An assortment of indigestible things

Disk space on the cheap: my experiences with alternative storage vendors

It took me a long time to think of an appropriate title for this post. I didn’t want to upset anyone by calling their products ‘consumer grade’ when that’s not how they’re marketed, and I couldn’t think of a way to say ‘disk arrays that aren’t made by Oracle, HP, IBM or NetApp’ that didn’t somehow denigrate the competition. I toyed with ‘sub-prime’ but that has other unfortunate connotations 😛

Working as I do for a big important library, there is much call for storage of large archival data sets that need to be available all the time, but don’t require blistering performance. There’s a bit of a gap in the market here in terms of the usual vendors of enterprise storage: they concentrate on squillions of IOPS and cable-melting transfer rates, where what I actually want is a shedload of disk space, in a fairly small number of rack U, for a reasonable wedge of cash. If users of our niche websites need to wait ten seconds for their data, it’s not the end of the world. It’s also nice to have storage with different architectures and filesystems, so that I can mirror data without worrying about some obscure FS bug screwing up my data at both ends.
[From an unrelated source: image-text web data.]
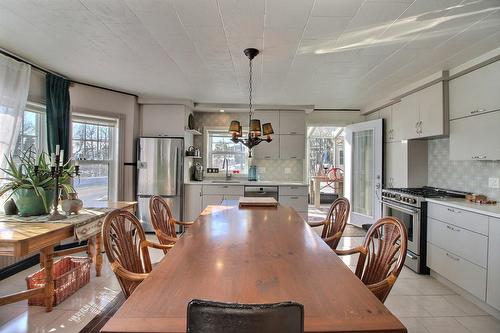 Dining room - 2169 Route Du Fleuve, Les Éboulements, QC - Indoor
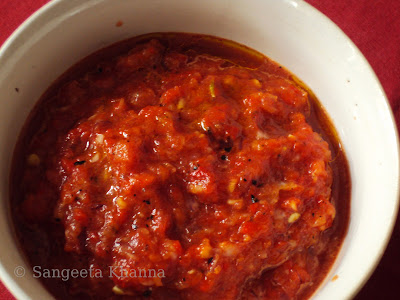 grilled red bell pepper salsa 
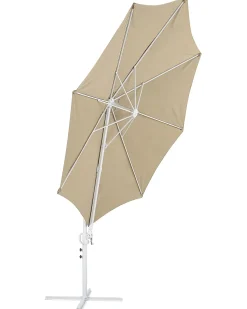 Cantilever parasol 295 cm SAVONA II Brungrå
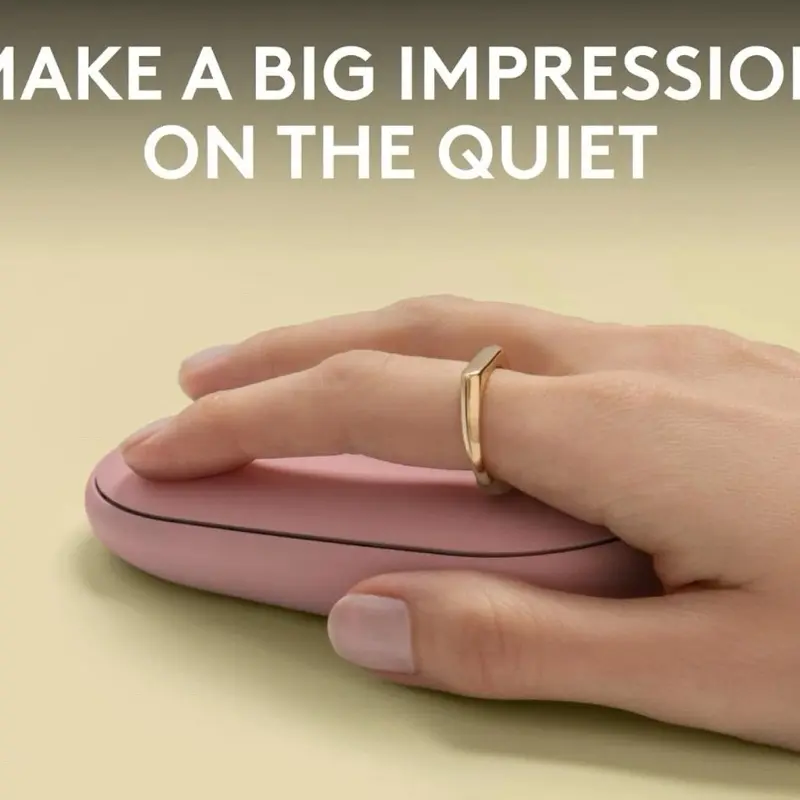 Logitech Pebble 2 M350S Bluetooth Mouse PC/MAC Portable Quiet Clicks Tonal Rose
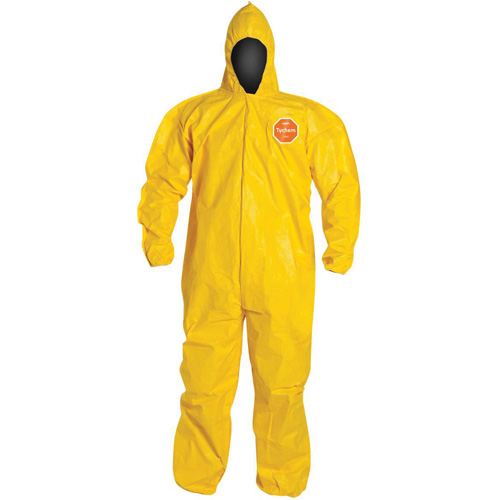 Hooded Coveralls, Tychem&reg; 2000, 3X-Large, Yellow Air Extreme Inc.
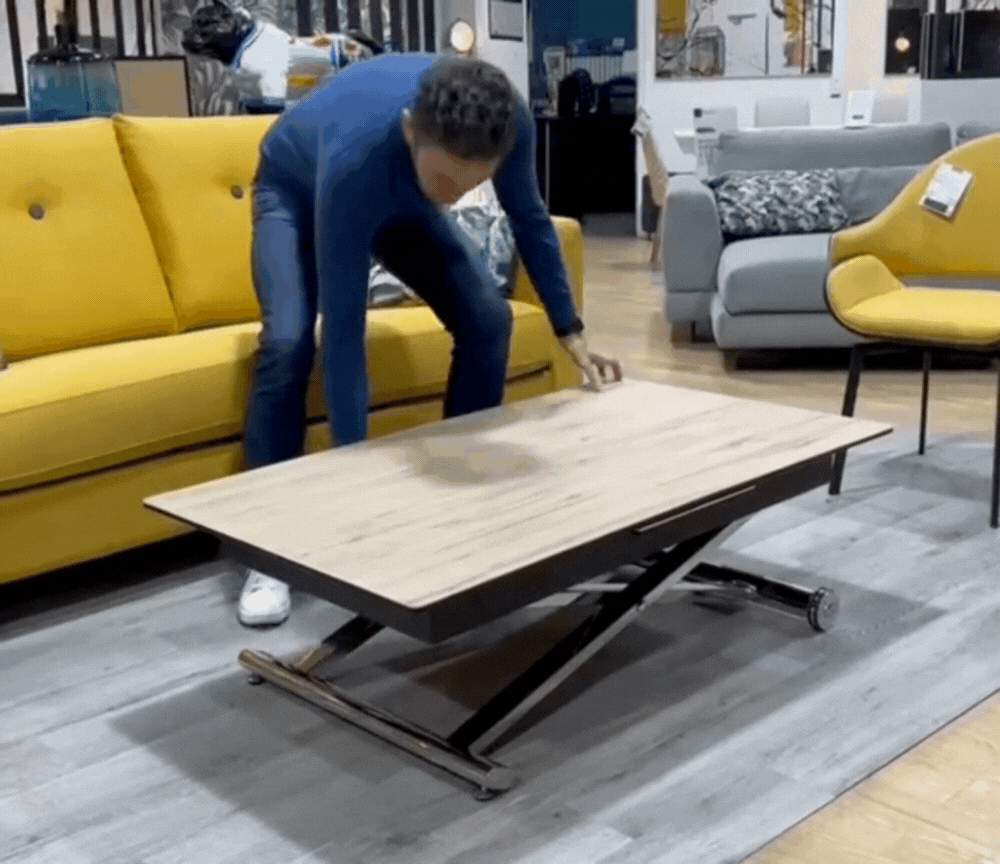Extendable lift-up coffee table 120x60cm - Julia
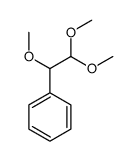 Benzene, (1,2,2-trimethoxyethyl)-结构式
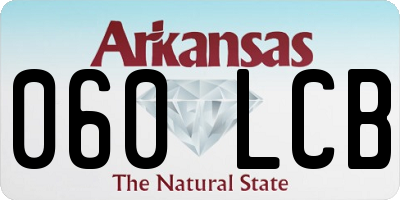 AR license plate 060LCB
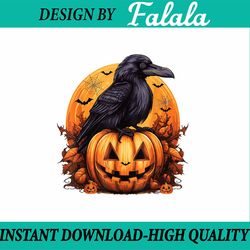 png only - crow bird on pumpkin crow and jack o lantern halloween png, crow with pumpkin png, happy halloween png, digit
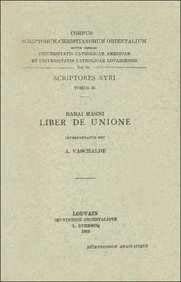 9789042901155: BABAI MAGNI LIBER DE UNIONE.: (syr. II, 61), V. (Corpus Scriptorum Christianorum orientalium)
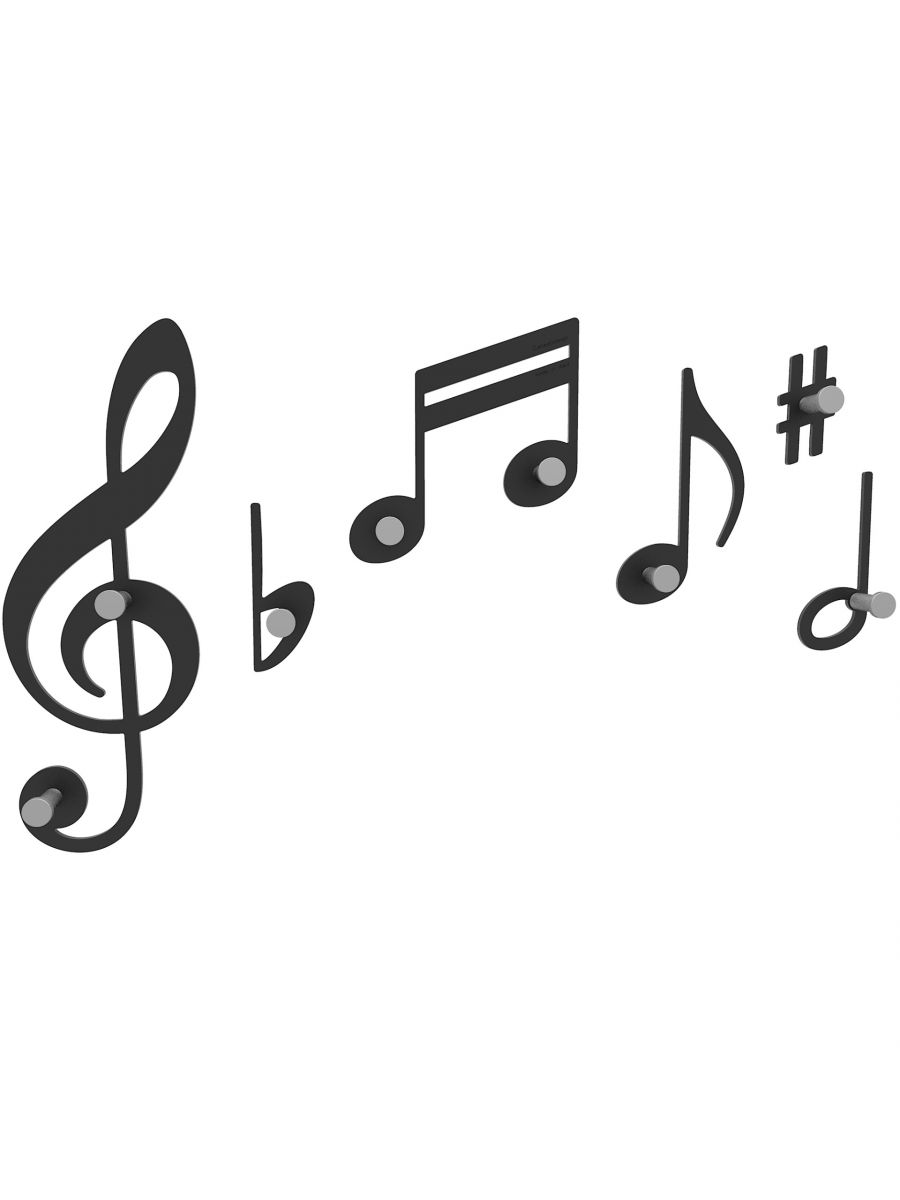 Musical notes coat hooks Verdi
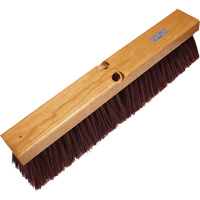 Heavy-Duty Garage & Concrete Push Broom, 24", Coarse/Stiff, Polypropylene Bristles D. Morneault & Fils
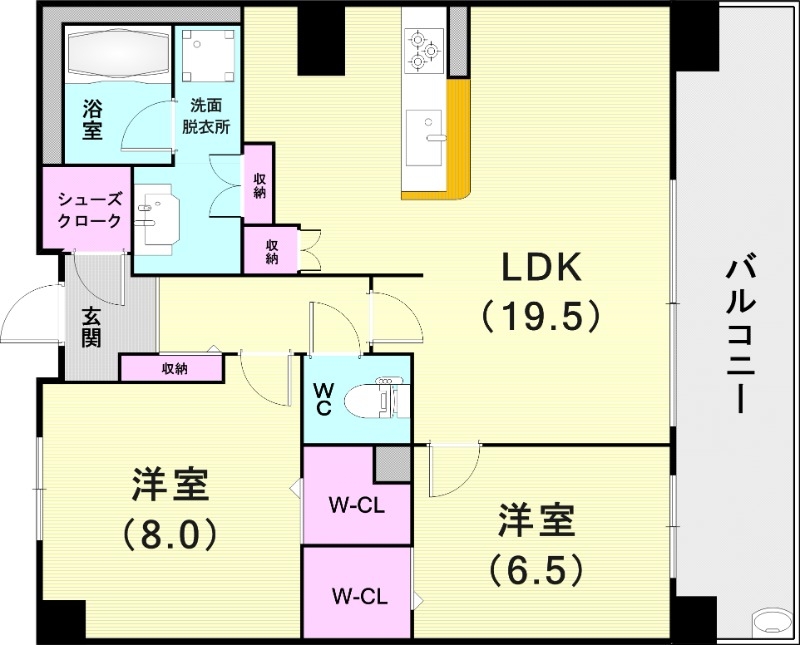 2LDK（78.75平米）ALSOC・カウンターキッチン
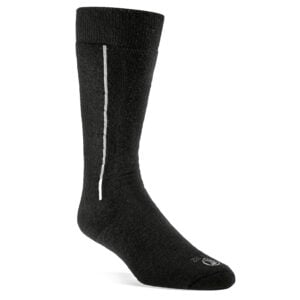 Calze Da Sci In Lana Merino Per Bambini Biosox, Nere, Altezza Sopra Il Polpaccio, Unisex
I have therefore bought a few disk arrays from companies that you wouldn’t normally associate with enterprise storage (there, good enough?). Having had the opportunity to familiarise myself with them in production, here are a few thoughts. I wouldn’t go so far as to call them reviews, as I don’t really talk much about performance… which is actually quite lucky, because neither of the following units provides any performance reporting capability.

Thecus N16000

Thecus has something of an identity crisis. Its website says it is ‘Creator in Storage’ (probably a bad translation—the first of many, as we will see). The front panel display says ‘Storage Leader Thecus’ (ditto). But I nit-pick. Suffice it to say that, before all this, I only knew Thecus as the manufacturer of small NAS boxes for the homes of geeks.

I have four N16000s, which is Thecus’s top-of-the-line bit of enterprise kit. My units have sixteen 3TB disks each, which is a fair old wedge of storage considering how cheap they were, and a pretty good density as each unit is only 3U high. They have a pair of PSUs, a smattering of eSATA and USB ports, VMware certification, and frankly they look the mutt’s nuts.

Build quality and installation

Having said all that, the build quality isn’t brilliant. The units ship covered in sticky plastic, presumably to protect the unpainted metal case, which is pretty thin and flexible. The drives themselves, which in my units were packed separately, are in caddies with handles that feel like they would snap if pushed too hard. To get access to the drive bays, you have to undo two thumbscrews and the front panel hinges downwards: adequate, just not very slick, and the ribbon connector that services the front panel display looks awfully vulnerable. The racking kit is a third party set of sliding rails which are perfectly adequate, and supports the unit nicely even when fully extended. From the back, the N16000 looks like a rack-mount PC.

I dispensed with the configuration software and set IP addresses from the front panel. This is a massive, massive plus in Thecus’s favour! It meant that I could get the N16000s on the network without farting about with laptops and crossover cables; initial configuration took less than two minutes per unit.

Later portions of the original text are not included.